ACTIVITY:
Below are records with pictures in them. Output exactly the lines from the one with "WALT DISNEYS PETE" through the one with "Highest-Paid Coaches: Andy Reid", both included, and leave every picture out; give only those lines.

DATA:
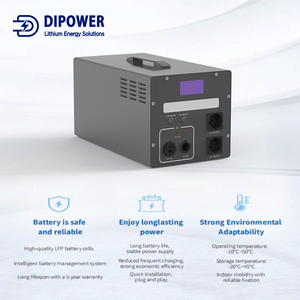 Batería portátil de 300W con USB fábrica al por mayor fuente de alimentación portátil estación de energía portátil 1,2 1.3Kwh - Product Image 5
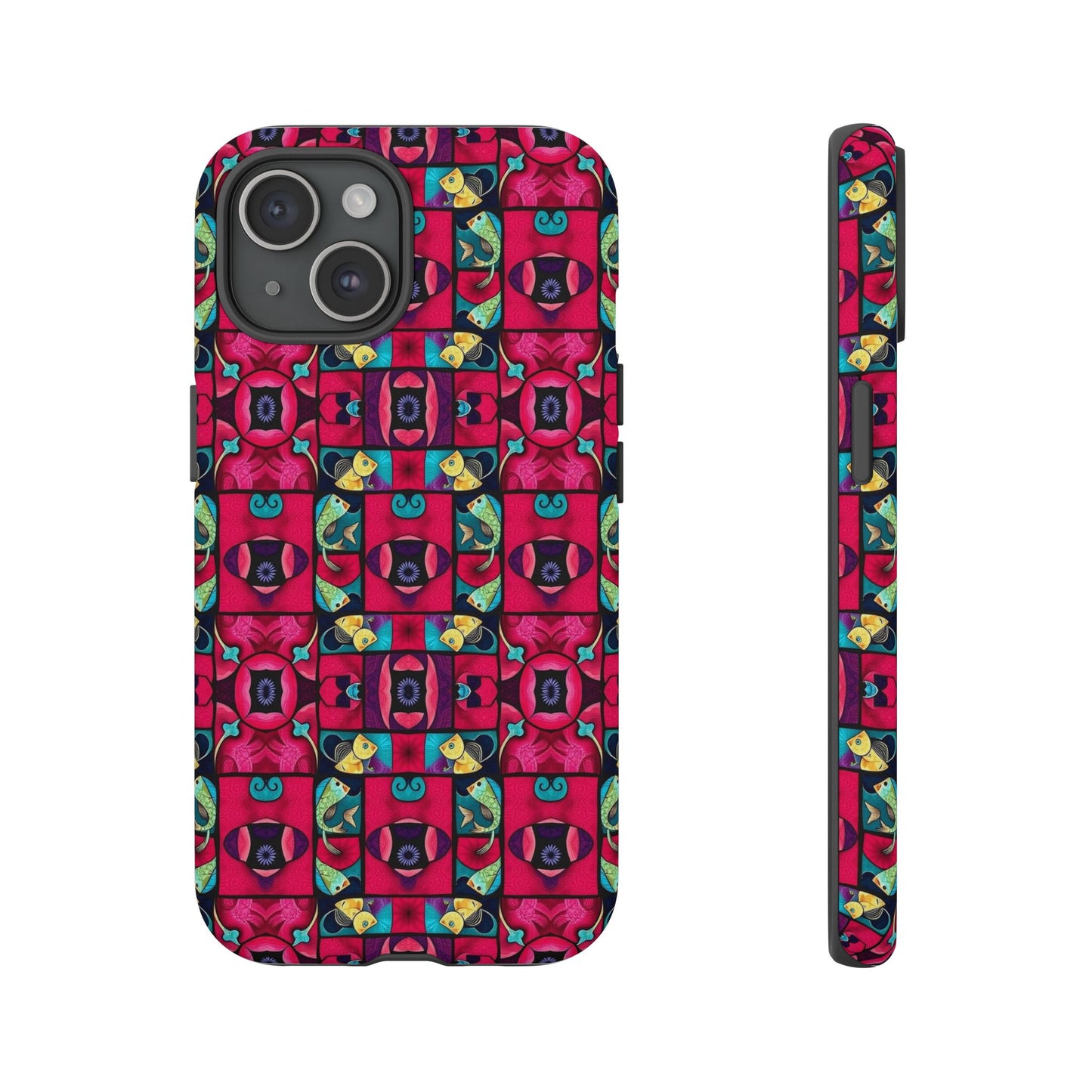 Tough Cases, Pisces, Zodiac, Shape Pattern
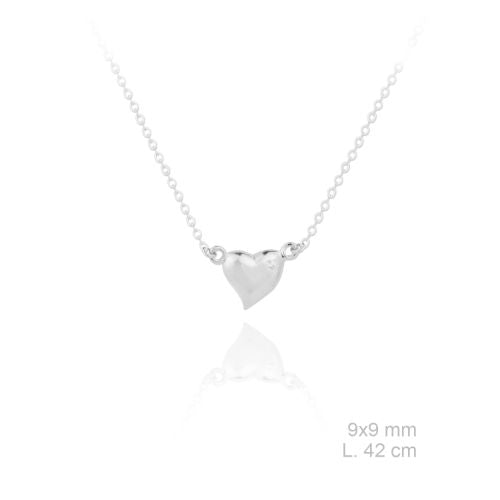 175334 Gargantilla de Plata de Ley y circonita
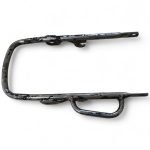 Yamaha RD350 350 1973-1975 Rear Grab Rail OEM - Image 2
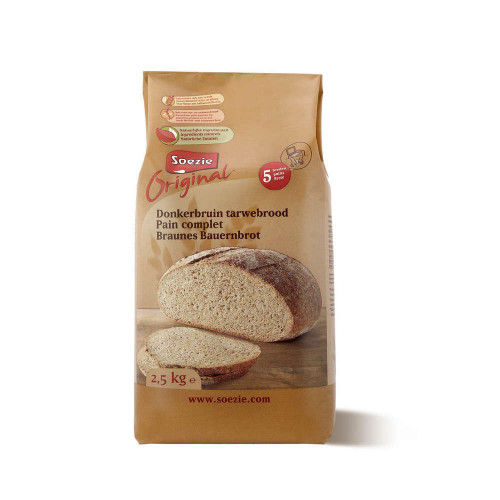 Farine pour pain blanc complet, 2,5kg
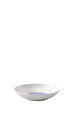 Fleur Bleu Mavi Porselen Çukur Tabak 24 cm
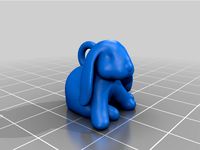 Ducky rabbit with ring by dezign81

--

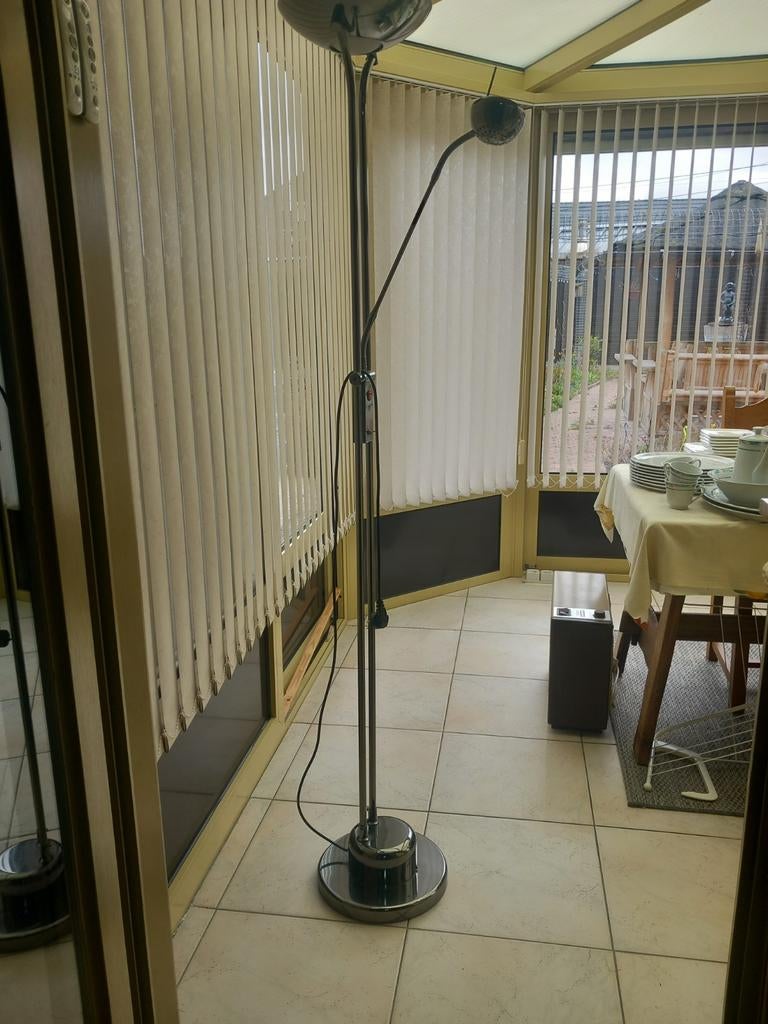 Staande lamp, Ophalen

--

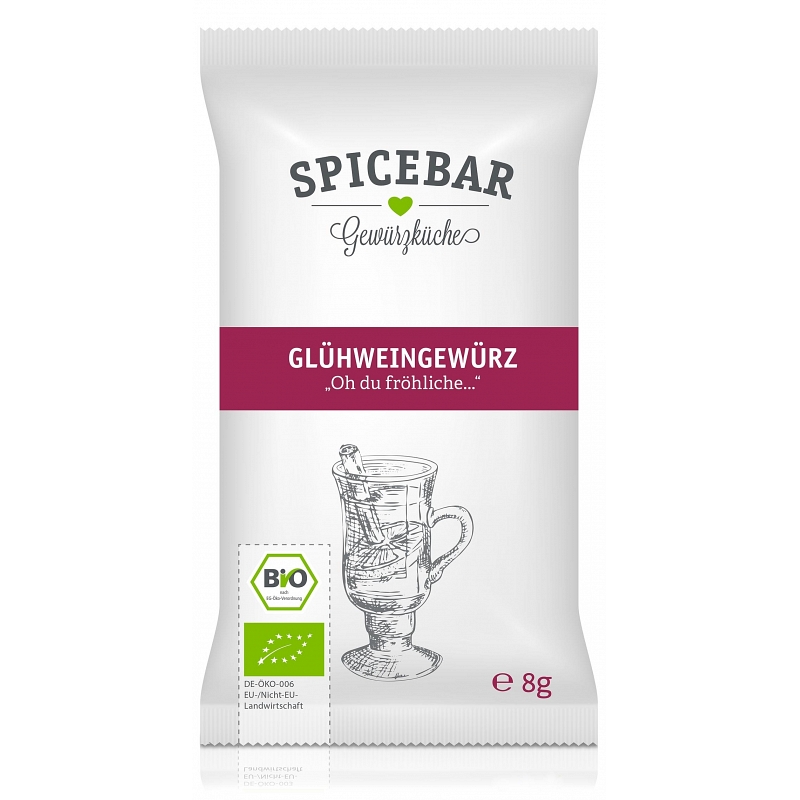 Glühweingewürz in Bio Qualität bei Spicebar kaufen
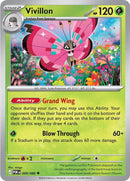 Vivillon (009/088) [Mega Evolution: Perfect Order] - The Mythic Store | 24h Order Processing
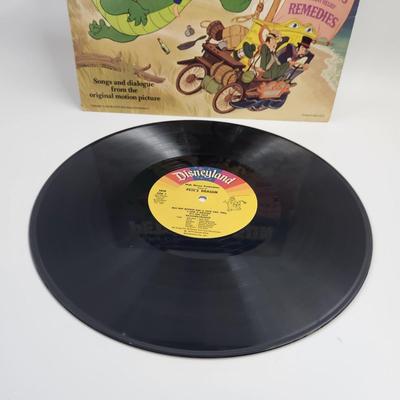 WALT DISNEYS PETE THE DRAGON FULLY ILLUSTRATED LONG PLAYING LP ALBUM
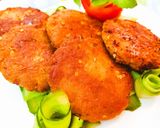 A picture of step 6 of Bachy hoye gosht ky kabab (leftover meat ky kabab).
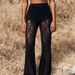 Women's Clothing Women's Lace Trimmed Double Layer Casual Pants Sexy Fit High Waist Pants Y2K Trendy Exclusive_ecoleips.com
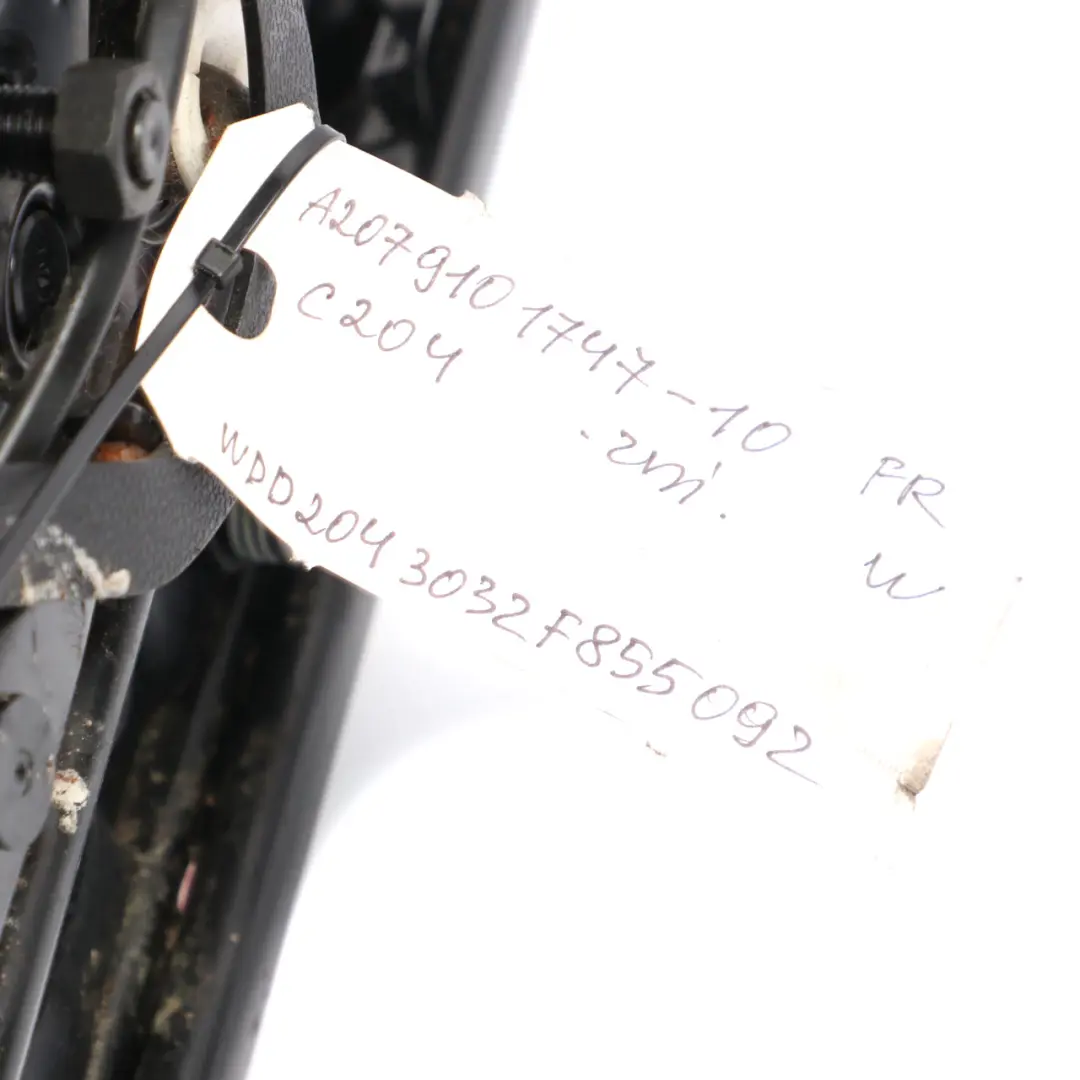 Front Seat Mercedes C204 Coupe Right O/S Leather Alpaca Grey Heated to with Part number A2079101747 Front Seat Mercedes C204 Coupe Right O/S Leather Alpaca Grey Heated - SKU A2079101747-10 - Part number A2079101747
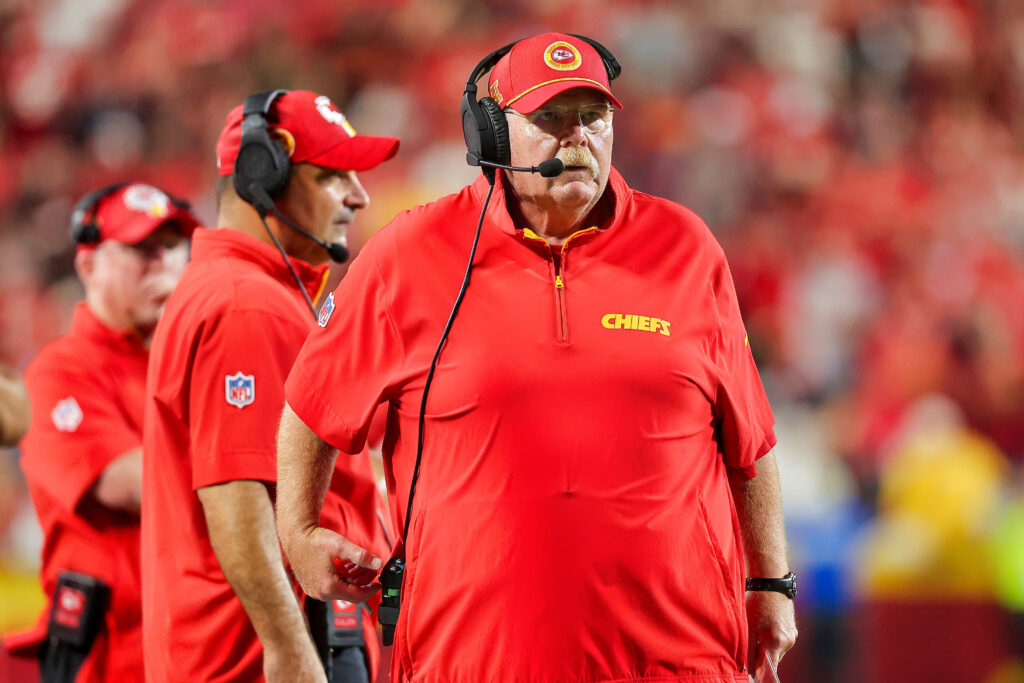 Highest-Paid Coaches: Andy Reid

SOLUTION:
 WALT DISNEYS PETE THE DRAGON FULLY ILLUSTRATED LONG PLAYING LP ALBUM
 A picture of step 6 of Bachy hoye gosht ky kabab (leftover meat ky kabab).
 Women's Clothing Women's Lace Trimmed Double Layer Casual Pants Sexy Fit High Waist Pants Y2K Trendy Exclusive_ecoleips.com
 Front Seat Mercedes C204 Coupe Right O/S Leather Alpaca Grey Heated to with Part number A2079101747 Front Seat Mercedes C204 Coupe Right O/S Leather Alpaca Grey Heated - SKU A2079101747-10 - Part number A2079101747
 Highest-Paid Coaches: Andy Reid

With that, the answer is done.